MATERIAL PROVIDED:

§

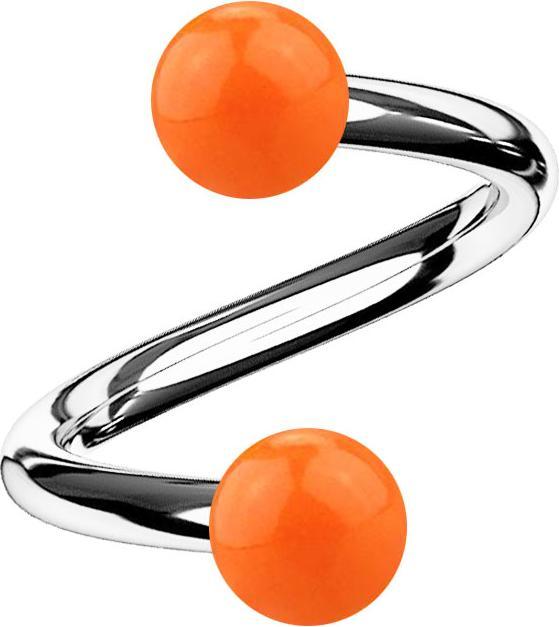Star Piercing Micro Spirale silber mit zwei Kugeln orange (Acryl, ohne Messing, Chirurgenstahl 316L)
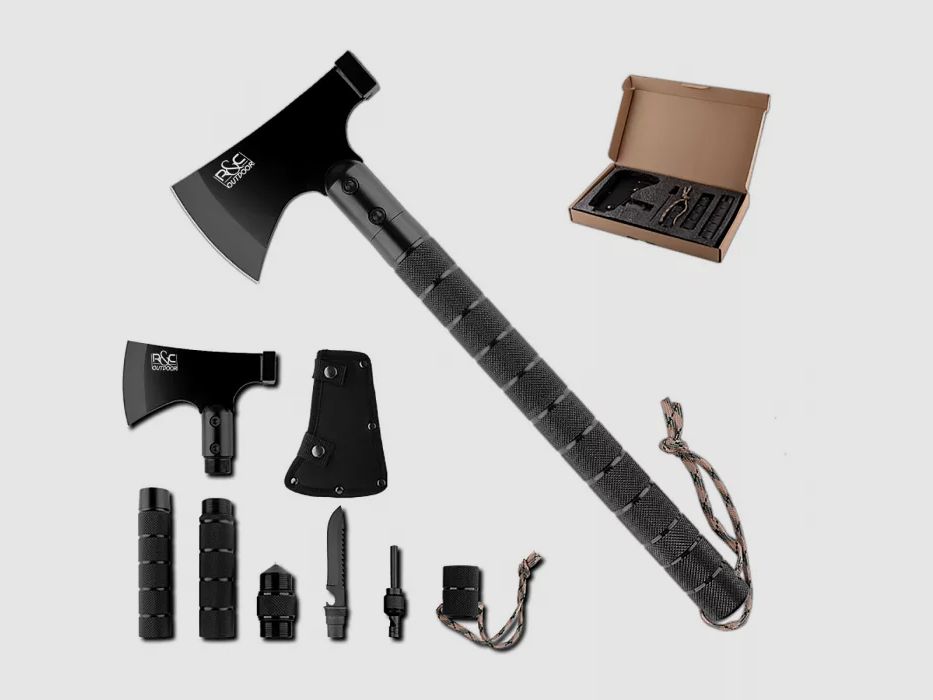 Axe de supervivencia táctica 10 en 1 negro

§

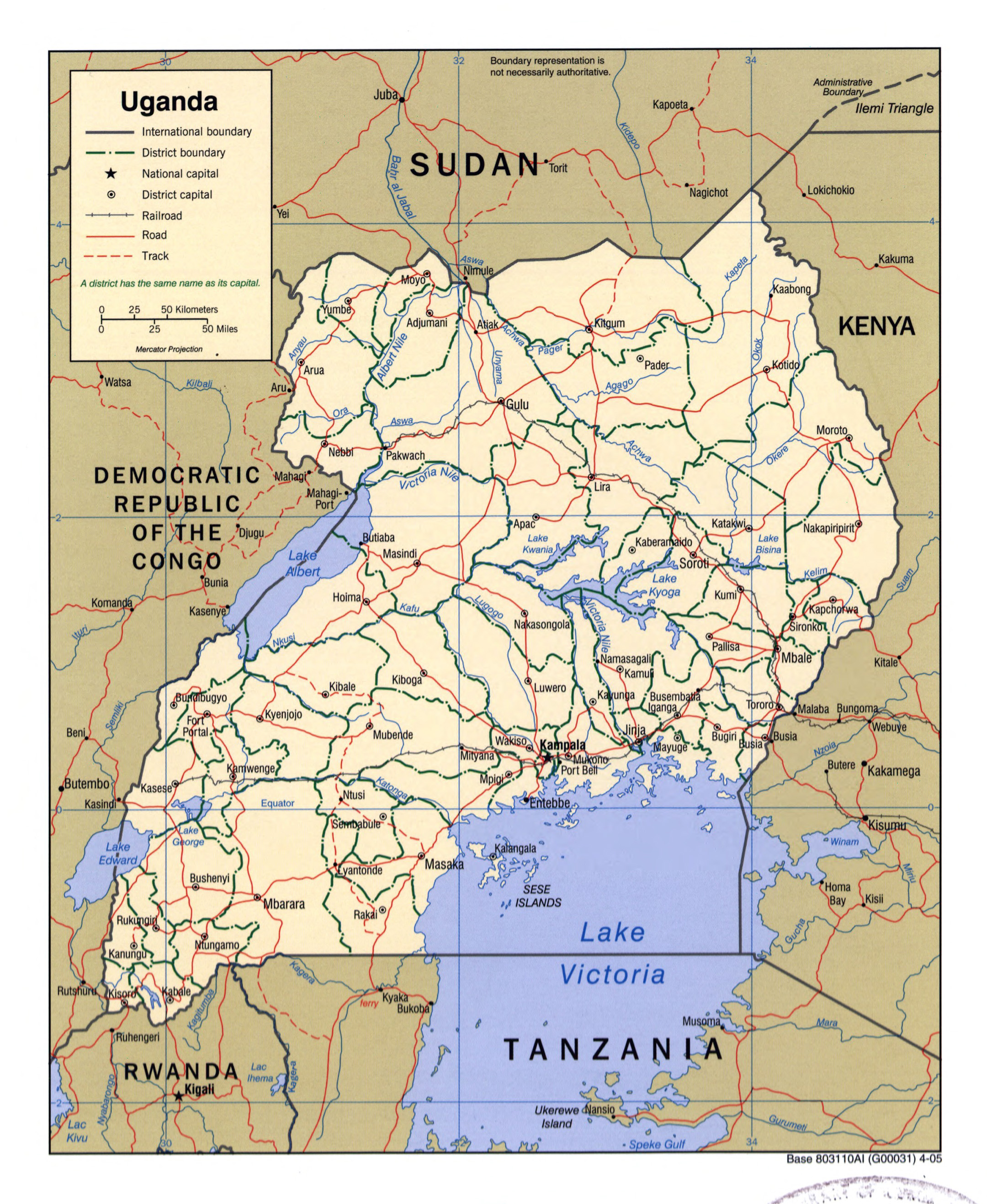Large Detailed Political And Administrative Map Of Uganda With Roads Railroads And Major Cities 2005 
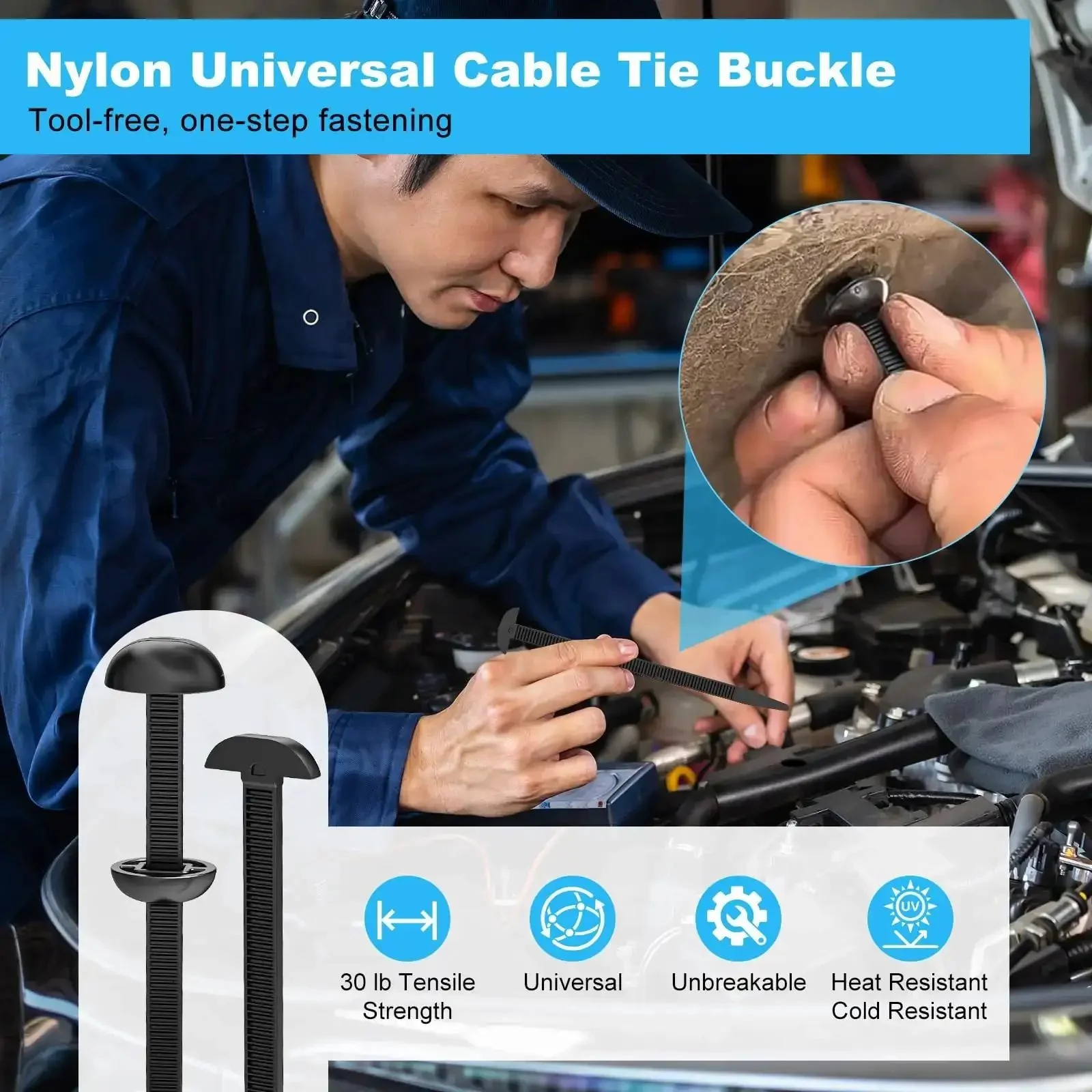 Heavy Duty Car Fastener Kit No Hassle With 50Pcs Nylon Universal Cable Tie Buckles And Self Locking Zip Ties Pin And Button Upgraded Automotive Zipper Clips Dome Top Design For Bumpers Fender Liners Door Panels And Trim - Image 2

§

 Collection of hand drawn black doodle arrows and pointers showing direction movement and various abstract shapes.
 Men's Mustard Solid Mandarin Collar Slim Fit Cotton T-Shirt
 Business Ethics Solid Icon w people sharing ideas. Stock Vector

§

BRIEF:
Exact copy, no pictures. Write out the lines in the entries above, starting with the line with "Star Piercing Micro" and going on through the line with "Axe de supervivencia táctica 10 en 1 negro", keeping both.

RESULT OF THE TASK:
Star Piercing Micro Spirale silber mit zwei Kugeln orange (Acryl, ohne Messing, Chirurgenstahl 316L)
 Axe de supervivencia táctica 10 en 1 negro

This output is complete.